He would have begun his meal with sherbet followed by a main course of beef pasande, seekh kebab, chana daal, kofta, curried karela (bitter gourd), Moong ki salan, shammi kebab, yakhni, Maash ki dal, curd and roti besni, said Mohammed.

“The dessert would have comprised a spread of alphonso mangoes, grapes, misri (sugar candy), badam (nuts) and tea,” Mohammed told IANS. Remnants of the repast still survive like a slice from the past, moulded in mud inside dainty copper and silverware at the museum.

Ghalib’s gourmet platter is the subject of much curiosity at the museum, along with his clothes and other personal memorabilia.

The poet, who was known to squander money on alcohol, was a stickler for good clothes; his personal style was simple and elegant. While he wore elaborate woollen ‘bandhgallas’ with heavy embroidery to parties, for less formal occasions, he chose long kurtas and short jackets in light silk and lemony shades. His workday wardrobe comprised light kurtas in white and cream.

“It is a pity that children are not interested in Mirza Ghalib now. I want my children to read his works and Ghalib must be introduced in scholastic modules so that students know more about him,” said Shahnawaz, a young businessman in Nizamuddin.

The museum, located near the shrine of Hazrat Nizamuddin Auliya and the Mazar-e-Ghalib, the poet’s modest marble mausoleum with an inscription by friend and fellow poet Meer Mehdi Majrooh, wore a deserted look on his birth anniversary Saturday.

The celebrations were a few kilometres away at the Hamdard University, Tughlaqabad, where the poet’s birthday was observed with fanfare at a cultural soiree.

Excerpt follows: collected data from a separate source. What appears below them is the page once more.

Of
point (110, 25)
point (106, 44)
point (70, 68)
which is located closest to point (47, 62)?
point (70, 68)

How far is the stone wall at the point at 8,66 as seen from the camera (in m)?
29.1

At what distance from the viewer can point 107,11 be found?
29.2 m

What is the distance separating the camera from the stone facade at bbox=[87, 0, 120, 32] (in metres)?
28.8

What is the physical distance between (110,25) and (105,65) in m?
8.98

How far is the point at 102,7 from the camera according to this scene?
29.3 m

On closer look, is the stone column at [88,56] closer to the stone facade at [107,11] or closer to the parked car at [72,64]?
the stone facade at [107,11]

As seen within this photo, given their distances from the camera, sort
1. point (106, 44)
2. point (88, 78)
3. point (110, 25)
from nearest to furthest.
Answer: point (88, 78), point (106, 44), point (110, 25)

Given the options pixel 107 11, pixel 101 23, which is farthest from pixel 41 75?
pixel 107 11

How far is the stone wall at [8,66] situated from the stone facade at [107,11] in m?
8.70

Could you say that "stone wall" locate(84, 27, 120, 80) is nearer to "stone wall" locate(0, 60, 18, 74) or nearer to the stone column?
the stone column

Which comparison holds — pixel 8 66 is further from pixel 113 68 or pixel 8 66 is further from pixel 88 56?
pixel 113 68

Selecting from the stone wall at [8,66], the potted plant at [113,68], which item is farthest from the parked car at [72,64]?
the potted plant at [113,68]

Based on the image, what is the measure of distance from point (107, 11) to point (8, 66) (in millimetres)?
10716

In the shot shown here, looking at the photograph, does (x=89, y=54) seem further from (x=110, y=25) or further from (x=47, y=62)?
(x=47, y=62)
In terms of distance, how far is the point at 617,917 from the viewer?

Mirza Asad Ullah Khan ‘Ghalib’ was born in Agra’s Kalan Mahal area in 1796 to parents of Turkish aristocratic ancestry. He was only five years old when his father died and uncle Nasrullah Beg Khan took charge of him. But he too died within three years.

Ghalib later moved to Delhi where his poetic talent blossomed and found new expression at a time when Bahadur Shah Zafar was Mughal emperor. His rich contribution to Urdu ‘adab’ (language and literature) continues to inspire poets till today.

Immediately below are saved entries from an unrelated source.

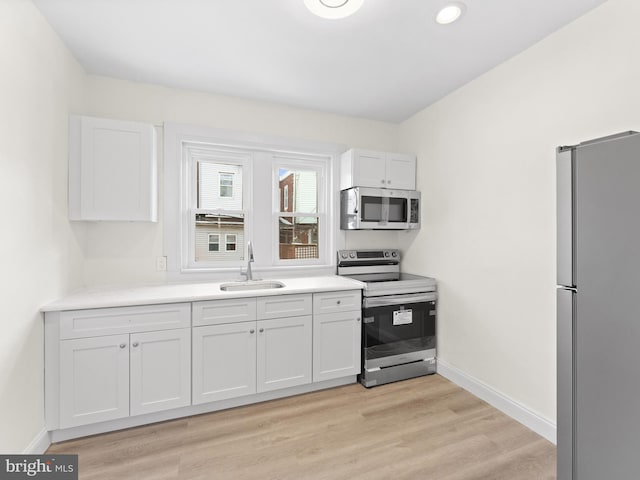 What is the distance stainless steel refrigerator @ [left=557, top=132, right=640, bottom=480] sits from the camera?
1.04 m

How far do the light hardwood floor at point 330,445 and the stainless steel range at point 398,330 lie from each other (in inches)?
13.6

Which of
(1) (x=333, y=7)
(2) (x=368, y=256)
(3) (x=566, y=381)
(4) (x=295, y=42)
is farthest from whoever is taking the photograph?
(2) (x=368, y=256)

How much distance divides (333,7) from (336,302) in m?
2.06

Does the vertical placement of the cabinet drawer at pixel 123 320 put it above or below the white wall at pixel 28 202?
below

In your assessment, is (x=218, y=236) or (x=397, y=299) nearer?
(x=397, y=299)

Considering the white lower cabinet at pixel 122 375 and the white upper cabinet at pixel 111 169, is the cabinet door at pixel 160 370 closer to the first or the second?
the white lower cabinet at pixel 122 375

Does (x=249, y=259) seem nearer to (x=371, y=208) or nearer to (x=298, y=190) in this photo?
(x=298, y=190)

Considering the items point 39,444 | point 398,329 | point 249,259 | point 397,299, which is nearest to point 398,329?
point 398,329

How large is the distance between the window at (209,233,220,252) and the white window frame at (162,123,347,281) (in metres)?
0.16

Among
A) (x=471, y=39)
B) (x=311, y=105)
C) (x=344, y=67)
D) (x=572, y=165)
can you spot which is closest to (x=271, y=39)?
(x=344, y=67)

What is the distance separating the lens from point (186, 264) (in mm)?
2912

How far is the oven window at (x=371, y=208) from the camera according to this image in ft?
10.0

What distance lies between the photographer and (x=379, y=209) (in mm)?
3121

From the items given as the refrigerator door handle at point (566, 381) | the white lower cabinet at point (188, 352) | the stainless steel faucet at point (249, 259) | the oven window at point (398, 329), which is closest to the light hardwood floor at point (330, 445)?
the white lower cabinet at point (188, 352) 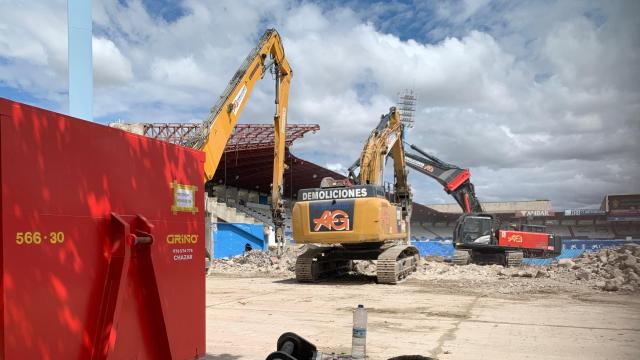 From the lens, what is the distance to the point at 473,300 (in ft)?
42.0

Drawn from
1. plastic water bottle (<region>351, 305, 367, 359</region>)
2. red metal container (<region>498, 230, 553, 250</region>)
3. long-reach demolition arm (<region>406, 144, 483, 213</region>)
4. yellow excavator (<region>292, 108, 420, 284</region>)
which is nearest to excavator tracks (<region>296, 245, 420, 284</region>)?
Answer: yellow excavator (<region>292, 108, 420, 284</region>)

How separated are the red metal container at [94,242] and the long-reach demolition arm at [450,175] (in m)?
23.0

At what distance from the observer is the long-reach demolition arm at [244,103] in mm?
16781

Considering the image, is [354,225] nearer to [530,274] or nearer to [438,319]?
[438,319]

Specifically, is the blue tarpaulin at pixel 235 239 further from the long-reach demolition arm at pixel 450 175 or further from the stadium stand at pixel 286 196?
the long-reach demolition arm at pixel 450 175

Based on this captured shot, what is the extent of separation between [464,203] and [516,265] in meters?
5.34

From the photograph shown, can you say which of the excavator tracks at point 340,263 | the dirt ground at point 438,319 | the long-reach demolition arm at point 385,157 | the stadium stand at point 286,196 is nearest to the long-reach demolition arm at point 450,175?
the long-reach demolition arm at point 385,157

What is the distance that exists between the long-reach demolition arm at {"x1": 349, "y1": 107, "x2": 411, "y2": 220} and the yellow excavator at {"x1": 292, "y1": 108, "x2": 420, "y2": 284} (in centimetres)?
4

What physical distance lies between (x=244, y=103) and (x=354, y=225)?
5914mm

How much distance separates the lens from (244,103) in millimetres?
18328

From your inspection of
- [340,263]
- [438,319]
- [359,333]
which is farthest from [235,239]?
[359,333]

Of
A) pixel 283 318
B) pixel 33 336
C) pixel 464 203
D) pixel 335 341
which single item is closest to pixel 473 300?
pixel 283 318

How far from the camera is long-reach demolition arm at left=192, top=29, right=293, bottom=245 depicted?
55.1ft

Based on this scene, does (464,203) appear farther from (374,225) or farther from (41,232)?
(41,232) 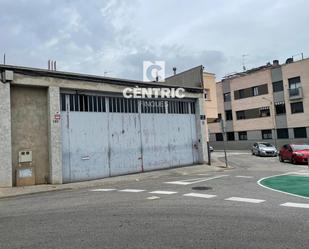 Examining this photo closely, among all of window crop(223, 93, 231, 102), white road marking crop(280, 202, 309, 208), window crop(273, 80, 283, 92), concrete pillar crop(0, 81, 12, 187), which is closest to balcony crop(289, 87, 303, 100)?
window crop(273, 80, 283, 92)

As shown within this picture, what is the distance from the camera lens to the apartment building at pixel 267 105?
40125mm

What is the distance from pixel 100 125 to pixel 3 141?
4.91m

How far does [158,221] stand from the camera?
22.7 feet

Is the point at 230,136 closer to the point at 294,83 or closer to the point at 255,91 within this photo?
the point at 255,91

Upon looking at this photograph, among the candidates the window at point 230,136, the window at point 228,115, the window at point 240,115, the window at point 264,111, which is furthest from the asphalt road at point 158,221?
the window at point 228,115

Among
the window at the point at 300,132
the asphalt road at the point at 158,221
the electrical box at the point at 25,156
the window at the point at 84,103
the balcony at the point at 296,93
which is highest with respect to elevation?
the balcony at the point at 296,93

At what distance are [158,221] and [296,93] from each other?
3834 centimetres

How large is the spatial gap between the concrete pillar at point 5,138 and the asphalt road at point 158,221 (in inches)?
139

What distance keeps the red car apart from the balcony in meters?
16.7

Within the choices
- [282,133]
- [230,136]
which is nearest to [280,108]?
[282,133]

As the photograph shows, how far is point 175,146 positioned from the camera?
20.3m

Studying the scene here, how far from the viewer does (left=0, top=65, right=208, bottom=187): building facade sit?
14.1 meters

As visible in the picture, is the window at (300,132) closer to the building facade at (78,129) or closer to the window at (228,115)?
the window at (228,115)

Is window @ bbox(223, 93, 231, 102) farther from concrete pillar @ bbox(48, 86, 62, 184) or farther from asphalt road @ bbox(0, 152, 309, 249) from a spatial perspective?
asphalt road @ bbox(0, 152, 309, 249)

A series of old sepia photographs at the museum document the poet’s several retreats in the old city and outside.

“Ghalib was a great poet and people still remember him. But personally, I think Amir Khusrau was better,” Farukh Nizami, the keeper and head priest of the shrine, told IANS.

Ghalib’s early education has always been a matter of confusion. Though there are no records of his formal education, it was known that his circle of friends in Delhi had some of the most intelligent minds of his time. Ghalib’s ghazals are written in Urdu and historians believe that he wrote the bulk of his ‘kalams’ (poetry) and sonnets by the time he was 19.

In keeping with the traditions of classical ‘ghazal’, the gender in his compositions was indeterminate – the beloved could be a beautiful woman, a boy or god.

“Ghalib was a devout man. He often visited the shrines of Amir Khusrau and Nizamuddin Auliya. Such was his religious fervour that he kissed the threshold of the shrine every time he entered it. Probably, he was blessed by Allah,” said Pir Khwaja Afzal Nizami of the shrine of Nizamuddin Auliya.

But Ghalib had a vice. “He spent his pension that he withdrew from Emperor Bahadur Shah Zafar on alcohol. He did not give money to his wife and harassed her,” the pir said.

Ghalib’s pension paper, along with several other original manuscripts, are preserved in the museum.

Ghalib married Umrao Begum in 1810 at the age of 13. They had seven children, none of whom survived.